In HGSC, the tumor has high grade features arranged in solid mass with slit-like spaces, papillary, glandular and cribriform. The individual cell shows marked nuclear pleomorphism, large nuclei and some are in bizarre form. Numerous mitoses are present which supported evidence of rapid growing tumor. Also present is extensive necrosis with variable amount of psammoma bodies (Figure 4).


Figure 4: Microscopic findings of HGSC. A&B: The tumour cells are arranged in solid mass with slit-like spaces, papillary, glandular and cribriform (HE x40). C&D: Moderate to marked nuclear atypia with many aberrant mitoses seen (C.HEx200, D. HEx400).

Risk factors of OSC: An extensive study was done in Boston and revealed that there is a significant heterogeneity across the serous invasive, endometrioid, and mucinous subtypes of OC. All subtypes show association with both reproductive and non reproductive exposures, including age, duration of breastfeeding, duration of estrogen use, and smoking status. There was some evidence of heterogeneity by subtype for several other exposures, including parity and body mass index, but these differences were not statistically significant [13]. In Malaysian setting, new cases of OC diagnosed in 2007 among different ethnicity showed 57% are Malay, 34% are Chinese and 8.2% are among Indian (NCR,2007). Several other studies show parity and oral contraceptive use were inversely associated with all 4 major subtypes which are serous, mucinous, endometrioid and clear cell. A data from previous study also revealed that parity is a strong protective factor against OC and the level of protection increases with the number of childbirths [14].

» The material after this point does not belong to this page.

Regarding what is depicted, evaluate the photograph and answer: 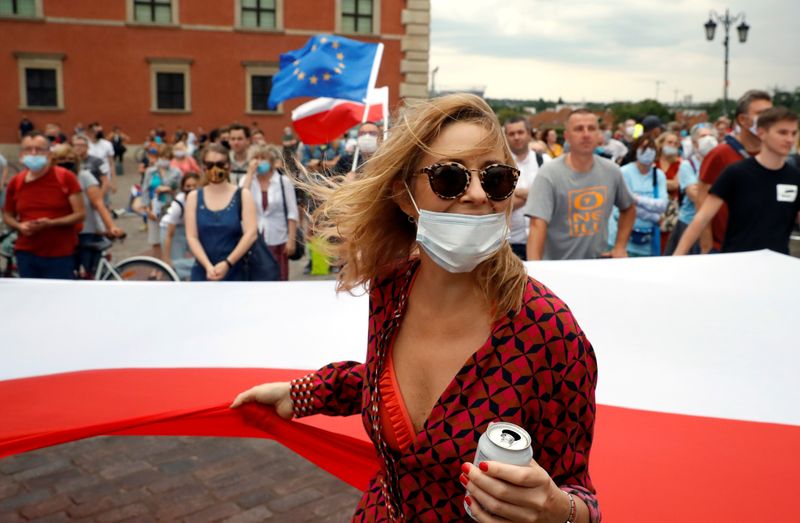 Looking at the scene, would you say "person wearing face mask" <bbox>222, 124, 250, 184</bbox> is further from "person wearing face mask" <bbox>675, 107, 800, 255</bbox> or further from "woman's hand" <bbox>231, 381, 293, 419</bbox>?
"woman's hand" <bbox>231, 381, 293, 419</bbox>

Prognosis of OC: The data analysis from previous study revealed that there is significant difference of disease recurrence (P=0.028) after median follow up of 36 month, with 68.6% (n=24) and 83.5% (n=289) for those of LGSC and HGSC respectively. It was noted that LGSC were more likely to be confined to the ovary at the time of diagnosis. The rate ratio of advanced to early disease was 1.9 for LGSC, whereas it was 10.2 for HGSC. Optimal cytoreductive surgery has a more important effect on the survival of patients with LGSC because they received less benefit from adjuvant chemotherapy. Many retrospective studies and laboratory data have demonstrated the chemoresistant effect of LGSC. The mean overall survival for LGSC was significantly higher than for HGSC. The overall progression-free survival rate of LGSC is better than that of its high-grade counterpart. However, the risk for progression among women who are left with gross residual disease after primary cytoreductive surgery is identical to that of those with HGSC.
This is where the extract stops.